[Your goal] Write out, unaltered, each line from the top of the records below down to the line where "Apartment A2, for 2 persons" appears, that line included.

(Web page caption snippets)
----
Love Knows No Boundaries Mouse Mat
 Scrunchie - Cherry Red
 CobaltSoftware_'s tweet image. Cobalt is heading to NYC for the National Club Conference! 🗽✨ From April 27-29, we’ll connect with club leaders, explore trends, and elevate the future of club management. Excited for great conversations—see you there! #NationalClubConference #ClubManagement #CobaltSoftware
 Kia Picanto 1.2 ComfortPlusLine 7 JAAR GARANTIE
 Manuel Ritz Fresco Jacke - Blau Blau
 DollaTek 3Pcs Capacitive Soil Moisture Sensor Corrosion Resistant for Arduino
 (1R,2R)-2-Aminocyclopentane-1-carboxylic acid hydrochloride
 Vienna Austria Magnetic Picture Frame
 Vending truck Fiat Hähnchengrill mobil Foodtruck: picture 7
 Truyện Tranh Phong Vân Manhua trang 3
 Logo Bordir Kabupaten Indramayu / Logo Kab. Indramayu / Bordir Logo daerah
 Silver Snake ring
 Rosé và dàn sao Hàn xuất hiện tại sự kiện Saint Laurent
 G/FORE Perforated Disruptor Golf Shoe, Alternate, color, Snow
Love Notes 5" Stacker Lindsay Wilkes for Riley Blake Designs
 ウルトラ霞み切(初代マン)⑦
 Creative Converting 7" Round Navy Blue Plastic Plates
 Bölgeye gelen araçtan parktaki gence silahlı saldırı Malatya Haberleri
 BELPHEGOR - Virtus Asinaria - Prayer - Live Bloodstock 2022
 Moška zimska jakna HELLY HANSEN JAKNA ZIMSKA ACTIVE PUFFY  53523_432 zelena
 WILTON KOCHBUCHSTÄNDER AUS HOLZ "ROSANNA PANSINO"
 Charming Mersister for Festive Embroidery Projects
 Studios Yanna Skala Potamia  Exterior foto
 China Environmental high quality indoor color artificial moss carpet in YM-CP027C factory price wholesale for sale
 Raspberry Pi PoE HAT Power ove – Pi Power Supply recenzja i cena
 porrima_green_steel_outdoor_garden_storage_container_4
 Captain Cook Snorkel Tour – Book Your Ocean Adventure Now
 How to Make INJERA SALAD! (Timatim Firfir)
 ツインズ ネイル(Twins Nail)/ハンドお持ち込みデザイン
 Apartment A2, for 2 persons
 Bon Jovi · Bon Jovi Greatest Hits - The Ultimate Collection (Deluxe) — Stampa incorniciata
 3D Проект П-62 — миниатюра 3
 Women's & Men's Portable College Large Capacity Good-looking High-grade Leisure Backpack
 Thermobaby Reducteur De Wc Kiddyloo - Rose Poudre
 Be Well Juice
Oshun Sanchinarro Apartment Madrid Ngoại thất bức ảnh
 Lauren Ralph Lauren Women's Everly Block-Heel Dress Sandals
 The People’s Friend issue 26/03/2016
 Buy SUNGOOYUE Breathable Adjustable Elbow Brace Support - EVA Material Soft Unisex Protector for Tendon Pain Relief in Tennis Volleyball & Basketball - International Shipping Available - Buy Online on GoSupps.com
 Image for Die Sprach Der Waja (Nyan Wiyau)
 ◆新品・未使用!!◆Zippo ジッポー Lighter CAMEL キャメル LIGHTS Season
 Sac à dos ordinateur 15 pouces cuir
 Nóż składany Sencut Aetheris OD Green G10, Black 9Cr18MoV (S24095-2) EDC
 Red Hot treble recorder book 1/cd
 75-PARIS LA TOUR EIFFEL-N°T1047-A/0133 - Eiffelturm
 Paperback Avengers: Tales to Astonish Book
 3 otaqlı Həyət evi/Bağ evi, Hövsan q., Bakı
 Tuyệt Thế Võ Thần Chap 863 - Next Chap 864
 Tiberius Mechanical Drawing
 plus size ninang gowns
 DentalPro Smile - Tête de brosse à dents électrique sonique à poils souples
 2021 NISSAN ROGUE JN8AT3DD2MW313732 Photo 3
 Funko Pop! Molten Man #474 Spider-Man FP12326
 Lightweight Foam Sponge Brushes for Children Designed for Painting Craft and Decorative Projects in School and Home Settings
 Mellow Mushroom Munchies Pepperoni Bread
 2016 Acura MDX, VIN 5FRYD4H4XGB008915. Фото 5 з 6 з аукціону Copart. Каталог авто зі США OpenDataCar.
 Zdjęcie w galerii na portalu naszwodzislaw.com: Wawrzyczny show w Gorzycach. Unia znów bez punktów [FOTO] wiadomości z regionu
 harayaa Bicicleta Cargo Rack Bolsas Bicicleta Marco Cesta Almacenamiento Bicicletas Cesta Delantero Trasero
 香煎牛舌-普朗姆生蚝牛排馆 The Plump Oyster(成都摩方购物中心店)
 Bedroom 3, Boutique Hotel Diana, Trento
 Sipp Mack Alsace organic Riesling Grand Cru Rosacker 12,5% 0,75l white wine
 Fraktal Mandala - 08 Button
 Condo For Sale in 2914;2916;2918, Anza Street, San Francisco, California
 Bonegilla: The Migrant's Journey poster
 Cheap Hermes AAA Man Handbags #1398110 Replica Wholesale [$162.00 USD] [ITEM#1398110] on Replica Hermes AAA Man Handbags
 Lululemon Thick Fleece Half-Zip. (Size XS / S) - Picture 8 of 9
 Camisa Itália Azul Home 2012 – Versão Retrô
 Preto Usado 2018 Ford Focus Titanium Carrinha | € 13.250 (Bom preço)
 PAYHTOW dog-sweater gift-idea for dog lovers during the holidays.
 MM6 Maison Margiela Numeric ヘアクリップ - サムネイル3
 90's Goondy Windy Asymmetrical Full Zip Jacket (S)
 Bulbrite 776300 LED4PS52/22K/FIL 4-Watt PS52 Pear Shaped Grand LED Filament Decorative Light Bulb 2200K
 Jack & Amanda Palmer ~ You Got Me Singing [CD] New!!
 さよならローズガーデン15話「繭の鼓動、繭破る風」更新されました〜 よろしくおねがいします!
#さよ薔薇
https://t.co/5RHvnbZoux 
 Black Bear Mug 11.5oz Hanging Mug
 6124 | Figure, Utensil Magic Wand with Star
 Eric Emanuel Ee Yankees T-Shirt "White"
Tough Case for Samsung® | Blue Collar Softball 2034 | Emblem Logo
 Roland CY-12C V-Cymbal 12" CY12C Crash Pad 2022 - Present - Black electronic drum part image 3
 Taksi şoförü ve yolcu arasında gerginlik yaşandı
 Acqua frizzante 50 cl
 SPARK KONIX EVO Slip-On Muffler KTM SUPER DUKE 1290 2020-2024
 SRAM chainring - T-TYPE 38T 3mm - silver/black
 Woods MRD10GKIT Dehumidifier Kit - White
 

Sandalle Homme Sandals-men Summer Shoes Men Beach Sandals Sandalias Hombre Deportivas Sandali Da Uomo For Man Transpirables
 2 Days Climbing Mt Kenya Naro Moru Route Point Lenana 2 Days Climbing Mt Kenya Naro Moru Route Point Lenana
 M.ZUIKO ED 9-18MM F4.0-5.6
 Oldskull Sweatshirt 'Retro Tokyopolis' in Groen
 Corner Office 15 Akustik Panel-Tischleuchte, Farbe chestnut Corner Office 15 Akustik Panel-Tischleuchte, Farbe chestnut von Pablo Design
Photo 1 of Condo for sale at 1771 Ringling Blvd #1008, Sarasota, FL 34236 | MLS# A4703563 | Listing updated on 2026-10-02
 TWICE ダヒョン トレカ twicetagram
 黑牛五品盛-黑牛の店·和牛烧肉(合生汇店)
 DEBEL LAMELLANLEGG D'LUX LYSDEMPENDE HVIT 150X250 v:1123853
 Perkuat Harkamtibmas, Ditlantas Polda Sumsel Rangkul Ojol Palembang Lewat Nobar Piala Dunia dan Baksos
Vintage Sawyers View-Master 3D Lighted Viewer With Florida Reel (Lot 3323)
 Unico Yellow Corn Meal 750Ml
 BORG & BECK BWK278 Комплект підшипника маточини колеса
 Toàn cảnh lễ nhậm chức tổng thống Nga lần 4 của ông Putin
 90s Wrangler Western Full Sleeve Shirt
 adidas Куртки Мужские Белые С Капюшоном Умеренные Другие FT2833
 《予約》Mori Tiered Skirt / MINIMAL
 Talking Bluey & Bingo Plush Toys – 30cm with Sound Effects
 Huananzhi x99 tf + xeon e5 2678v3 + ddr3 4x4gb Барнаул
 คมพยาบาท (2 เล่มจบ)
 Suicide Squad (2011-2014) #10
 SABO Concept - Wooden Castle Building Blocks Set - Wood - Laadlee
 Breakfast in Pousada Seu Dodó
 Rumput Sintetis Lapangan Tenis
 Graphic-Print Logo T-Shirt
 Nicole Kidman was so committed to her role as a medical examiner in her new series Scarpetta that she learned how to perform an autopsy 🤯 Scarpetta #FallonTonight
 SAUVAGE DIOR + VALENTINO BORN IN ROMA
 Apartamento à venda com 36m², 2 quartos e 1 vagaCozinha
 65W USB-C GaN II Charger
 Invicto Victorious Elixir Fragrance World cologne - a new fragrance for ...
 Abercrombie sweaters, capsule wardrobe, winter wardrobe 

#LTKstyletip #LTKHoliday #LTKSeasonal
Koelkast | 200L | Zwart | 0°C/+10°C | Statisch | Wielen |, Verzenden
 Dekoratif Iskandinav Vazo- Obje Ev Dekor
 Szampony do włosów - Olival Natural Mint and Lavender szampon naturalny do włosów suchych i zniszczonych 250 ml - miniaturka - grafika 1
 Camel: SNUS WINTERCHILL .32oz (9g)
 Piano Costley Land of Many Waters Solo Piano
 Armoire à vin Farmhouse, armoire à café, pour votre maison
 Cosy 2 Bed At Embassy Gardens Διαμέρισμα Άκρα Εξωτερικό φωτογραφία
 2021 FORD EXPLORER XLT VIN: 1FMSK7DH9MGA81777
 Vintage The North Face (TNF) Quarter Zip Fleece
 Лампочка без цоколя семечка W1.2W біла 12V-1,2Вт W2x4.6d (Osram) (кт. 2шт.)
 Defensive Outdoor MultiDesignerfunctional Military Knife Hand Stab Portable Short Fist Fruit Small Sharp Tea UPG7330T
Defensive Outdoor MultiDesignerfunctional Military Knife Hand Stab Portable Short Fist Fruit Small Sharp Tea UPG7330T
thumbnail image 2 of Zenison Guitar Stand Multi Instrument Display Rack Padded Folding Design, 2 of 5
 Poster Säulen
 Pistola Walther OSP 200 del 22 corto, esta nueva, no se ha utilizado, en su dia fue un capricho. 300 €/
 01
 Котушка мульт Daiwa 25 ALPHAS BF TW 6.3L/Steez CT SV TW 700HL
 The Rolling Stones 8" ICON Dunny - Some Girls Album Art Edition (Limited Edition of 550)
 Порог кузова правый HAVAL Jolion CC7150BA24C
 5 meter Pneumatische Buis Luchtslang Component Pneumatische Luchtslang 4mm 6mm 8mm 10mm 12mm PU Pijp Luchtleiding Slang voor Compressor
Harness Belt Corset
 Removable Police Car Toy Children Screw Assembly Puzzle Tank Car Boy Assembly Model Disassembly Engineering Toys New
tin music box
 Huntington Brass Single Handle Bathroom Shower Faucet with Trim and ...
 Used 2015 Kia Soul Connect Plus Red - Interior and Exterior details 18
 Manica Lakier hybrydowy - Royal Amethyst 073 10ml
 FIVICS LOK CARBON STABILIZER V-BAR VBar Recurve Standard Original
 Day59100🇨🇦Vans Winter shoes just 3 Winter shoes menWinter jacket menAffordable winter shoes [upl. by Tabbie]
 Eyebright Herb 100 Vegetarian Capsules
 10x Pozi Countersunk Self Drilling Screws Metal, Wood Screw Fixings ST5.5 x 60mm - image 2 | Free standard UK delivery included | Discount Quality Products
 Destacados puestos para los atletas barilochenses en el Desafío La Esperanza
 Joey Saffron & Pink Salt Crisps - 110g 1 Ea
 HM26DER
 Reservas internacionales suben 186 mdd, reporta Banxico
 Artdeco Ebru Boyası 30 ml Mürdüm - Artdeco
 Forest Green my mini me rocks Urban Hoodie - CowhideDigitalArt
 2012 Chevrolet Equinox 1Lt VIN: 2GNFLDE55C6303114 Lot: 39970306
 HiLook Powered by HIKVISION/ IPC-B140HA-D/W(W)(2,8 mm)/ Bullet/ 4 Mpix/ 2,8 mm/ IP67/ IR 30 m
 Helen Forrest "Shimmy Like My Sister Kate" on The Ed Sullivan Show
----
[Reply to the exercise]
Love Knows No Boundaries Mouse Mat
 Scrunchie - Cherry Red
 CobaltSoftware_'s tweet image. Cobalt is heading to NYC for the National Club Conference! 🗽✨ From April 27-29, we’ll connect with club leaders, explore trends, and elevate the future of club management. Excited for great conversations—see you there! #NationalClubConference #ClubManagement #CobaltSoftware
 Kia Picanto 1.2 ComfortPlusLine 7 JAAR GARANTIE
 Manuel Ritz Fresco Jacke - Blau Blau
 DollaTek 3Pcs Capacitive Soil Moisture Sensor Corrosion Resistant for Arduino
 (1R,2R)-2-Aminocyclopentane-1-carboxylic acid hydrochloride
 Vienna Austria Magnetic Picture Frame
 Vending truck Fiat Hähnchengrill mobil Foodtruck: picture 7
 Truyện Tranh Phong Vân Manhua trang 3
 Logo Bordir Kabupaten Indramayu / Logo Kab. Indramayu / Bordir Logo daerah
 Silver Snake ring
 Rosé và dàn sao Hàn xuất hiện tại sự kiện Saint Laurent
 G/FORE Perforated Disruptor Golf Shoe, Alternate, color, Snow
Love Notes 5" Stacker Lindsay Wilkes for Riley Blake Designs
 ウルトラ霞み切(初代マン)⑦
 Creative Converting 7" Round Navy Blue Plastic Plates
 Bölgeye gelen araçtan parktaki gence silahlı saldırı Malatya Haberleri
 BELPHEGOR - Virtus Asinaria - Prayer - Live Bloodstock 2022
 Moška zimska jakna HELLY HANSEN JAKNA ZIMSKA ACTIVE PUFFY  53523_432 zelena
 WILTON KOCHBUCHSTÄNDER AUS HOLZ "ROSANNA PANSINO"
 Charming Mersister for Festive Embroidery Projects
 Studios Yanna Skala Potamia  Exterior foto
 China Environmental high quality indoor color artificial moss carpet in YM-CP027C factory price wholesale for sale
 Raspberry Pi PoE HAT Power ove – Pi Power Supply recenzja i cena
 porrima_green_steel_outdoor_garden_storage_container_4
 Captain Cook Snorkel Tour – Book Your Ocean Adventure Now
 How to Make INJERA SALAD! (Timatim Firfir)
 ツインズ ネイル(Twins Nail)/ハンドお持ち込みデザイン
 Apartment A2, for 2 persons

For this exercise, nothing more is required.